The phenomemnon of minimality is well-studied in the realm of topological groups.
Let us recall that a topological group $X$ is minimal if each bijecive continuous homomorphism $h:X\to Y$ to a topological group $Y$ is a topological isomorphism.
I am interested if the notion of minimality was studied in the realm of semi-topological or quasi-topological groups.
A semi-topological group is a group $G$ endowed with a Hausdorff topology making the group operation $G\times G\to G$, $(x,y)\mapsto xy$, separately continuous.
A semitopological group is called a quasi-topological group if the operation of inversion $G\to G$, $x\mapsto x^{-1}$, is continuous.
Let us define a semi-topological group $X$ to be semi-minimal if each continuous bijective homomorphism $h:X\to Y$ to a semitopological group $Y$ is a topological isomorphism.
By analogy we can define a quasi-topological group $X$ to be quasi-minimal if each continuous bijective homomorphism $h:X\to Y$ to a quasi-topological group $Y$ is a topological isomorphism.
It is clear that each semi-minimal quasi-topological group is quasi-minimal and each quasi-minimal topological group is minimal.
It can be shown that each compact Hausdorff semitopological group is semi-minimal (topological group).

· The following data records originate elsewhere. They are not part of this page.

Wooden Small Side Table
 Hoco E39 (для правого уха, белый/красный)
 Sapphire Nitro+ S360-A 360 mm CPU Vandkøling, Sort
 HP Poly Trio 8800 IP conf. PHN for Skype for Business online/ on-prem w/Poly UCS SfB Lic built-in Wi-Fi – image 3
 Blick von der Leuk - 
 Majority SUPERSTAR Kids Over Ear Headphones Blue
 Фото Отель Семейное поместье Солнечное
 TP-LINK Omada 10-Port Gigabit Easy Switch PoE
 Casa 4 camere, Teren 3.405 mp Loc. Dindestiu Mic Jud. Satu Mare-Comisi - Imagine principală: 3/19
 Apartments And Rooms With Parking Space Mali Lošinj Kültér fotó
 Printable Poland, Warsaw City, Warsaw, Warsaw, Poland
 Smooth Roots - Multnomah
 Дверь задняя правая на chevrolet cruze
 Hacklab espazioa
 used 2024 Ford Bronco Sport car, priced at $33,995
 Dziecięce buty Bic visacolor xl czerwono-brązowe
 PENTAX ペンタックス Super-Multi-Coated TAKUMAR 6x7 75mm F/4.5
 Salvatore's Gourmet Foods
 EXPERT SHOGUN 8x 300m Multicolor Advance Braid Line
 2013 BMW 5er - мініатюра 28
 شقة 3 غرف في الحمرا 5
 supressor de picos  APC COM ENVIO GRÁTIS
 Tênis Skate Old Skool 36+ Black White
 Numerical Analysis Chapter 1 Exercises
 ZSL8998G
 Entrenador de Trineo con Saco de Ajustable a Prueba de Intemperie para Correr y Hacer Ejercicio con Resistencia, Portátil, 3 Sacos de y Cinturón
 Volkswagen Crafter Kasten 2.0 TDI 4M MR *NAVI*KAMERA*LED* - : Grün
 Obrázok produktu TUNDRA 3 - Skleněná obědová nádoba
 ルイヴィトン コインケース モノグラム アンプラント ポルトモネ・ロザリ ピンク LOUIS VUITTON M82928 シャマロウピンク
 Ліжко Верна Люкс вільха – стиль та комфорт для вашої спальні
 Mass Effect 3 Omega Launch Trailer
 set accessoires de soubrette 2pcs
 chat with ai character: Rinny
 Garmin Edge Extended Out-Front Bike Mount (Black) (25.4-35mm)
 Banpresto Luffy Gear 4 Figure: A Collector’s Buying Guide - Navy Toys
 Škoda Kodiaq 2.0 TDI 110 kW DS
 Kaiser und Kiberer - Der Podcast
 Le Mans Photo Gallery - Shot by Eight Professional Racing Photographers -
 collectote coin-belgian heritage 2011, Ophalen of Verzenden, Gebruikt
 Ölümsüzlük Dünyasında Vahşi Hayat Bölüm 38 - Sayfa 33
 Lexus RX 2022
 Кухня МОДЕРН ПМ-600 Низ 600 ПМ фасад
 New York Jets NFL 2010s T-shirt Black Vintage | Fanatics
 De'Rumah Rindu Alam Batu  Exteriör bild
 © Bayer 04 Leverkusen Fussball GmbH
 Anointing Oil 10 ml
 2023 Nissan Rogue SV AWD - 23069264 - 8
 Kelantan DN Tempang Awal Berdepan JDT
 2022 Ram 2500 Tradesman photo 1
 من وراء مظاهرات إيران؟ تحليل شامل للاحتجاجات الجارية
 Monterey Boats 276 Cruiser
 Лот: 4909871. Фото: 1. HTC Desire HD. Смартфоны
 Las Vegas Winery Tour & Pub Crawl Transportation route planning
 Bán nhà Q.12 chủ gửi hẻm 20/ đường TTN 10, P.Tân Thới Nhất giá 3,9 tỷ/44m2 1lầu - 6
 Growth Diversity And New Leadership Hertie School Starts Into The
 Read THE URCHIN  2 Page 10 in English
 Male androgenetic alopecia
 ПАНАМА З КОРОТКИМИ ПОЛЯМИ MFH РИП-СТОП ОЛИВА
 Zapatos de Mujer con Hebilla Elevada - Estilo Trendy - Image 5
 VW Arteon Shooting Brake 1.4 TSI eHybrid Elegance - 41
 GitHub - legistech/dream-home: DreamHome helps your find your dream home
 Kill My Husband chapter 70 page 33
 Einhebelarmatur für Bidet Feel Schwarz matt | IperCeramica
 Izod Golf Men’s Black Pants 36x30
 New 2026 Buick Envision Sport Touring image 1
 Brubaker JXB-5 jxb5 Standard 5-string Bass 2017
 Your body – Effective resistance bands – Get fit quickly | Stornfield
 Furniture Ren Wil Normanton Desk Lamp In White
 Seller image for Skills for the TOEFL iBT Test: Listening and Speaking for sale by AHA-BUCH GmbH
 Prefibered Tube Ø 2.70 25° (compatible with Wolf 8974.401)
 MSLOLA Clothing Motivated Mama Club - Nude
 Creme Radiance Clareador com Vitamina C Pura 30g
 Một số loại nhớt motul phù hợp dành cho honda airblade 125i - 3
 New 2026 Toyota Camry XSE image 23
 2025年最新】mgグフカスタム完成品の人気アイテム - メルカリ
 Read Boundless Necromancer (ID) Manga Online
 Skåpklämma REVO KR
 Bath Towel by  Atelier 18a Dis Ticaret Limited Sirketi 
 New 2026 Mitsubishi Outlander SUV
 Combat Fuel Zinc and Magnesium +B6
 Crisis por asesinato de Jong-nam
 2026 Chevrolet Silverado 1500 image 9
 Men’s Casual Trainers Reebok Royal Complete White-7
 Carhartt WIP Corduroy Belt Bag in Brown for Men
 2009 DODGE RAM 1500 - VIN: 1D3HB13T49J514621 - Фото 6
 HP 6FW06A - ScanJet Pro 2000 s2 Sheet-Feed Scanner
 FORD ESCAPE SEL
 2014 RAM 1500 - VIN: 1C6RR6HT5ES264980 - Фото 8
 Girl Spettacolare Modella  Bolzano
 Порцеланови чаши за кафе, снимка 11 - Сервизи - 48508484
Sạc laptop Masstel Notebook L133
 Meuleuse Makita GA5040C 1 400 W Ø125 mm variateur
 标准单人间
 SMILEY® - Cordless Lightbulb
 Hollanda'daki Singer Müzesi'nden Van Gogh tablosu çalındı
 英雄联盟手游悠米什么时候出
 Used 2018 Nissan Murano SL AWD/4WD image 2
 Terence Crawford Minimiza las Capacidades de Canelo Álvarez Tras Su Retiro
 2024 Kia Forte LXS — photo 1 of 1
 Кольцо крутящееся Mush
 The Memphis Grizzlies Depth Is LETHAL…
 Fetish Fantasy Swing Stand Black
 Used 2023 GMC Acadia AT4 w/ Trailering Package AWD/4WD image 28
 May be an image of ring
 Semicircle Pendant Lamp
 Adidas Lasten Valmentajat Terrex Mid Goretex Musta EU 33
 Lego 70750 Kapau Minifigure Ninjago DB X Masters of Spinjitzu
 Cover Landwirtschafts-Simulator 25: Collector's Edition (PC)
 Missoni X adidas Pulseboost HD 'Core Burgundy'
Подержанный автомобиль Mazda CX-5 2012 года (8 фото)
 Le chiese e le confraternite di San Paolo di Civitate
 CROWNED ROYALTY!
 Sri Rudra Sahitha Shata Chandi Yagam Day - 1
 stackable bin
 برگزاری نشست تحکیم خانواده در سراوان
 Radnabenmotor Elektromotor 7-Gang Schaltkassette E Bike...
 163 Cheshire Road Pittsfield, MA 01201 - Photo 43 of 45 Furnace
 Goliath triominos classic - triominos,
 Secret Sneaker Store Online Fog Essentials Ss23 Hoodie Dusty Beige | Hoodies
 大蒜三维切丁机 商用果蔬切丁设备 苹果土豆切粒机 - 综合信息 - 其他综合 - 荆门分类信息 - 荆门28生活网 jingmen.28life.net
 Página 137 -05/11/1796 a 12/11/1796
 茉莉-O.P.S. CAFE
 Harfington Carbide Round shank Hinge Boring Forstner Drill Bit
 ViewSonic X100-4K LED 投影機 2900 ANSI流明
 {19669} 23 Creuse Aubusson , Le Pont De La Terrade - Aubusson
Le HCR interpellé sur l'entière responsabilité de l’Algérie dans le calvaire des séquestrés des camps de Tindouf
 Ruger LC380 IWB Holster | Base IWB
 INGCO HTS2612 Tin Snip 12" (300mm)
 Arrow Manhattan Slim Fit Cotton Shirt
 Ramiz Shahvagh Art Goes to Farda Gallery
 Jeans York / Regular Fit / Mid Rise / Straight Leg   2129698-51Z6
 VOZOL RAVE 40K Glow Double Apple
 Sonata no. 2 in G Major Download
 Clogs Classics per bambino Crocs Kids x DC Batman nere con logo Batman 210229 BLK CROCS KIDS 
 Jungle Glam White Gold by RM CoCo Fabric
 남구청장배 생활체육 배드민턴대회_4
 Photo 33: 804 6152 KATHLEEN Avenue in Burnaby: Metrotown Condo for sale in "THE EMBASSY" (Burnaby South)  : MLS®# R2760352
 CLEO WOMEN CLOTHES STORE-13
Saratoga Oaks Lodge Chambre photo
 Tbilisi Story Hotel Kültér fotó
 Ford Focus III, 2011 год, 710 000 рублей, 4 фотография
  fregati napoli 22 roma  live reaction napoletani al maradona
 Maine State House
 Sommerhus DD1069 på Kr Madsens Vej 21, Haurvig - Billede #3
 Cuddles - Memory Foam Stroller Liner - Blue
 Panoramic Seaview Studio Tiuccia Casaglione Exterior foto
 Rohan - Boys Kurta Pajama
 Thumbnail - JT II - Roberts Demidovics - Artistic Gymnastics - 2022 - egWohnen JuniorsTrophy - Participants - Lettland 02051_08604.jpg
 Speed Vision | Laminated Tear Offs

Problem 1. Is each semi-minimal semi-topological group compact?
Problem 2. Is each quasi-minimal quasi-topological group compact?
I even cannot prove or disprove the following
Conjecture. No countable Boolean semi-topological group is semi-minimal.
Remark. By the answer to this MO problem, for some submonoid $M$ of the monoid $\omega^\omega$ of self-maps of a countable set $X$ there is no minimal Hausdorff topology on $\omega$ in which all self-maps $f\in M$ are continuous. At the moment this is the unique (known to me) example of an algebraic systems with unary operations, admitting no minimal Hausdorff topology.